Apesar de muito criticado por nem sempre ter entendido qual o significado e alcance  das propostas de Aby Warburg e dada a sua dificuldade em libertar-se dos modelos convencionais da historiografia da arte, Gombrich desempenhou um papel fundamental na descoberta de uma obra que permanecia escondida por detrás da instituição. De facto, em 1970 e até muito recentemente, eram ainda válidas as palavras de Giorgio Pasquali escritas em 1930 como «ricordo»  do seu amigo, falecido seis meses antes: «Mesmo entre os universitários, muitos interrogam-se se aquele nome é não apenas o de uma instituição mas também o de um homem (...). Que a pessoa, o grande investigador Warburg, tenha desaparecido mesmo enquanto vivo, por detrás da instituição que criou, é conforme às suas intenções». A célebre KBW (Kulturwissenschaftliche Bibliothek Warburg), biblioteca para as ciências da cultura, era peça fundamental do projecto científico de Warburg, na medida em que permitia dar expressão muito concreta à sua ideia de uma unitária Kulturwissenschaft, de uma «ciência universal da cultura» que anula rígidas divisões disciplinares. Ela constituiu a sede e ponto de partida – material, metodológico e temático – de importantes investigações que têm a sua origem bem localizada no «círculo Warburg». Concebida, na sua variedade interdisciplinar, como uma biblioteca de estudos e investigação, a KBW  obedecia a um complexo sistema de ordenação que, em si, servia desde logo o programa de Warburg de constituir uma rede de enunciados universais. De facto, Warburg classificava os livros, não segundo a ordem alfabética ou aritmética, mas segundo os seus próprios interesses e o seu sistema de pensamento. Aquilo a que ele chamava a lei da “boa vizinhança” era o princípio que estava na base da sua Biblioteca: partir em busca de um livro deveria sempre conduzir a um outro que estava ao lado, que se revelaria mais importante do que aquele que tinha sido o objecto inicial da busca. Na descrição de Ernst Cassirer, esta Biblioteca era um verdadeiro labirinto que podia provocar algumas perturbações aos visitantes.

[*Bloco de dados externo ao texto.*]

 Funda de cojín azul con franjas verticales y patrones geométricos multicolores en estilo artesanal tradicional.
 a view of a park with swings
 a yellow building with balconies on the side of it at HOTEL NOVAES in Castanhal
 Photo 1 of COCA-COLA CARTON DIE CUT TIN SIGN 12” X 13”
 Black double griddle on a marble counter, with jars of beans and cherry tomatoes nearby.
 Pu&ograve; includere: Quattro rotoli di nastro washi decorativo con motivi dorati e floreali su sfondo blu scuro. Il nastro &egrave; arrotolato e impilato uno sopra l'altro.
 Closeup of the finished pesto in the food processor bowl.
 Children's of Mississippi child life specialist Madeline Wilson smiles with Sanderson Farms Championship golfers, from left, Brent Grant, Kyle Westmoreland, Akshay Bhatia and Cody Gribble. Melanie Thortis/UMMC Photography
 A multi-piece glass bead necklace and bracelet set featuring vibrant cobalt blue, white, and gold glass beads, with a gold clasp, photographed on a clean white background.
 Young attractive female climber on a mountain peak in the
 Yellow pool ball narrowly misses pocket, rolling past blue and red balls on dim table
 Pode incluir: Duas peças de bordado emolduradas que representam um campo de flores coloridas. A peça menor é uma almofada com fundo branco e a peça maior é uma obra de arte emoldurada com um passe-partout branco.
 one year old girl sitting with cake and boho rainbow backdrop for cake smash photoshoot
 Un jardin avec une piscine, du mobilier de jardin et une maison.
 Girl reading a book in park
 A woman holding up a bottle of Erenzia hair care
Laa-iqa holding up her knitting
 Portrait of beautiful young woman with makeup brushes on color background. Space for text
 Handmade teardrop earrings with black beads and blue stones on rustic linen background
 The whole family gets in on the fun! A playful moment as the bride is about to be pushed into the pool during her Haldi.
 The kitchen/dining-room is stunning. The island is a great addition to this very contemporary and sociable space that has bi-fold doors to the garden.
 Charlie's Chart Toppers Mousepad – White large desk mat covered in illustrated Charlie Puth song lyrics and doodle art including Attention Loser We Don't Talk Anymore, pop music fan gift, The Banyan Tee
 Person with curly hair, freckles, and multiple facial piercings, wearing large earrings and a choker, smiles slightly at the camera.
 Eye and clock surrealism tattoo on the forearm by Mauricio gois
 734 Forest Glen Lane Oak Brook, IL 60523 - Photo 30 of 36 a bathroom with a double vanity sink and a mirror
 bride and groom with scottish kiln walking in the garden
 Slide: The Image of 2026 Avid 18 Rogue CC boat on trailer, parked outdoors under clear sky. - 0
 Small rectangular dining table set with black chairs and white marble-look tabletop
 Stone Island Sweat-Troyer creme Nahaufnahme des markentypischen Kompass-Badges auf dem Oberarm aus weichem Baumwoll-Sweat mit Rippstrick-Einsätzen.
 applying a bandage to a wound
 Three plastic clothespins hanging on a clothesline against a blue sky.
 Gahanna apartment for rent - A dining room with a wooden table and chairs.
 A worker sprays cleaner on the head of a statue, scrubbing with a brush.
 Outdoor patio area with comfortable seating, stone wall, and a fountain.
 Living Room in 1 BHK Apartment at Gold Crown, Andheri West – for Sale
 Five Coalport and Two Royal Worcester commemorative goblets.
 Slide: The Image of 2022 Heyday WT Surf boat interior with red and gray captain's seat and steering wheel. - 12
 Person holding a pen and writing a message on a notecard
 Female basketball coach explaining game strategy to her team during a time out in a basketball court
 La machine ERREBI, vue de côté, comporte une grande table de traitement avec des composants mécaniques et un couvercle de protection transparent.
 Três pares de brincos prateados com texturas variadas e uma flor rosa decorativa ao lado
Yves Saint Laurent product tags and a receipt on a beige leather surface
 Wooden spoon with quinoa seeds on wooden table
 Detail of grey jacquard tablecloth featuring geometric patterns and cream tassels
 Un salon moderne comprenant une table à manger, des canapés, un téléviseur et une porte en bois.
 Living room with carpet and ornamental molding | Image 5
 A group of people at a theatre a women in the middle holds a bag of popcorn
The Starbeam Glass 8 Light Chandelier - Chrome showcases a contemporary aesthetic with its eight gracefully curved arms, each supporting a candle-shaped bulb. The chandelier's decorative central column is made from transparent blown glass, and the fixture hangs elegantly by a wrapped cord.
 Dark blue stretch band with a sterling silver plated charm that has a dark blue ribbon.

Segundo Franz Saxl, «os livros estavam organizados em quatro níveis: no 1º, estavam aqueles sobre problemas gerais de expressão e a natureza dos códigos e símbolos, e daí se passava para a religião,  a antropologia, daí para a filosofia e a história da ciência; no 2º, continham-se os volumes sobre a expressão na arte, a  sua teoria e a sua história; no 3º nível, estavam as obras dedicadas à linguagem e à literatura. no 4º, enfim, estavam s obras dedicadas às formas sociais da vida e do trabalho, a história, o direito, o folclore, etc.

No caso de Panofsky, reconhecendo-se que o autor da Perspectiva como Forma Simbólica orientou a sua análise das imagens num sentido que está longe de lhes reconhecer a complexidade de formas expressivas dotadas de «vida póstuma», há ecos da Nachleben, mas é certo que não captou a análise formal e autónoma. Foi também em proximidade com o «círculo Warburg» que Ernst Cassirer escreveu A Filosofia das Formas Simbólicas. A mulher de Cassirer relatou a impressão que a Biblioteca Warburg provocou no marido quando a visitou em 1920: «Lembro-me que Ernst, depois da primeira visita, entrou em casa num estado de viva excitação (coisa raríssima nele): contou que a biblioteca era algo absolutamente único e grandioso; que o Dr. Saxl, que lha tinha mostrado, lhe tinha parecido um homem maravilhoso e original. No entanto, que depois da visita guiada através das longas filas de estantes, tinha sentido necessidade de lhe dizer: “Não regressarei aqui porque, neste labirinto, acabaria por me perder”. A descoberta da Biblioteca Warburg foi para Ernst como que a descoberta de uma mina onde podia descobrir um tesouro a seguir a outro». Sabemos que Cassirer, afinal, regressou muitas vezes: no texto «Der Begriff der symbolischen Form im Aufbau der Geisteswissenschaften» (Vorträge der Bibliothek Warburg, 1923) lemos: «Senti aquilo de que se falou na conferência de abertura do ciclo [Saxl falara sobre «Die Bibliothek Warburg und ihr Ziel»]: não se trata de uma colecção de livros mas uma colecção de problemas»…«O que provoca tal impressão não são os domínios abrangidos mas o princípio da sua disposição, pois as secções de história da arte, religião e mito, assim como a história da língua e da cultura não se limitam a estar ao lado umas das outras, mas remetem para um centro comum ideal. Sem dúvida que esta relação parece ser de carácter puramente histórico: é o problema da vida póstuma [Nachleben] da Antiguidade”. Em 1933, quatro anos após a morte de Warburg, a sua biblioteca, então com cerca de sessenta mil volumes e um enorme arquivo de imagens, foi transferida para  Londres, escapando às ameaças que, com o nazismo, pesavam sobre tal instituição que tinha o nome de uma das mais importantes famílias judaicas da Alemanha. Constituiu a base do «Warburg Institut», integrado na Universidade de Londres em Novembro de 1944.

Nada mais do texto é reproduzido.